In retrospect, everything that happened to you and your family, was this, do you think, part of your plan coming in?
It seems that on the other side, we do have a great deal, because we’re creators, in choosing where we will be born. I know someone said to me, “I didn’t choose my parents,” but we do. I’m not dominant in my thinking about any of this, but it appears that we choose the situation we want to be in. In order to get the whole picture, some of it may not be what we’d really want to have, but pretty much. It seemed that what Pisti wanted to relate to us is that what the earth needs more than anything else is to know that we are immortal.
The old worldview is that when you’re dead, you’re dead. You’re nothing. You’re a fluke of nature. You have no meaning. This has to be dissolved. It seems that he made it pretty clear that we were not only playing this game here but in parallel worlds. Many children are dying young, but the parents are so desperate that they connect with them. In this way, we are individually connecting to the spirit world because that was severed. We have been desperately ill as a result of it.
I see this knitting it back together through individuals who are losing their loved ones. They’re longing. There is that love to connect to that other dimension that we are knitting our dimensions back together. Dreams and experiences help us, and so many people are having them. I think we did plan this. In fact, they gave me a little lesson about, “We’re always here. When you love, we’re all in the heart. There’s no way you can get rid of us.” They were being funny, like, “If you wanted to, you couldn’t.” I feel that presence constantly in whatever I’m doing. I don’t feel that separation anymore.
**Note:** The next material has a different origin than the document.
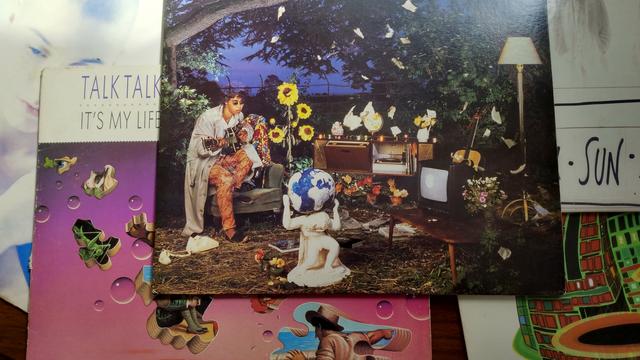 A collection of vinyl records stacked on top of each other. On top is World Party's "Private Revolution", the album cover depicting a man with brown curly hair and sunglasses playng a guitar. Around him are sunflowers, trees, a lamp, and a statue of Atlas holding up the planet Earth.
That’s nice. You must never get lonely.
For many times, I was alone, and I thought, “I never feel alone,” and that’s good. That’s a good thing because there are many old people I know who are alone, and it’s a desperate situation.
Finding Out More About Dr. Kovacs
People who are reading this interview will want to know a little bit more about you, how to get a hold of you, and what you’re doing. They want to know where to buy your books. Could you tell us how people can find out more about you and your work?
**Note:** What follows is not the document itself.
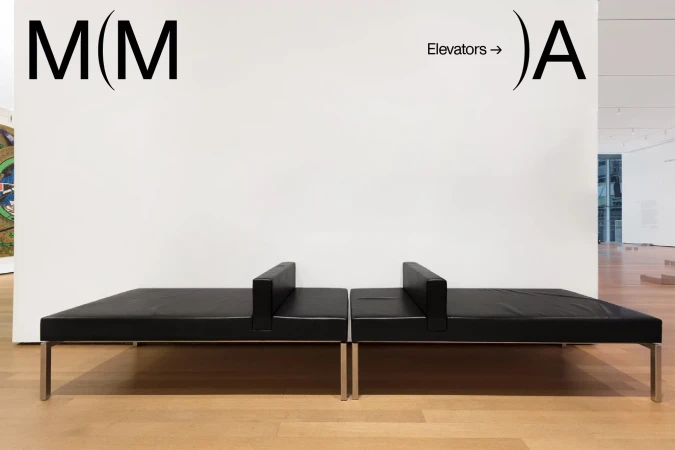 Interior view of a museum gallery with a modern black leather bench seat in front of a white wall with architectural signage.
Yes. Thanks to Kimberly in The Kamlak Center. One can go there. It’s Kamlak.com. There are articles there. There are podcasts and webinars. You can buy books from there as well. Also, my email number is there. I am very open to people writing if they have questions. They do that often. Mainly, you can get all the information from The Kamlak Center.
The Miracle of Death and Merchants of Light are your two books?
Yes.
They’re available on Amazon also, right?
Yes. They’re available on Amazon and anywhere that books and eBooks are sold. There are eBooks as well. You can buy them anywhere. If you want it signed, then if you get it from The Kamlak Center, I’m happy to do that.
Thank you so much for your time. That was very informative.
Thank you. I enjoyed talking with you.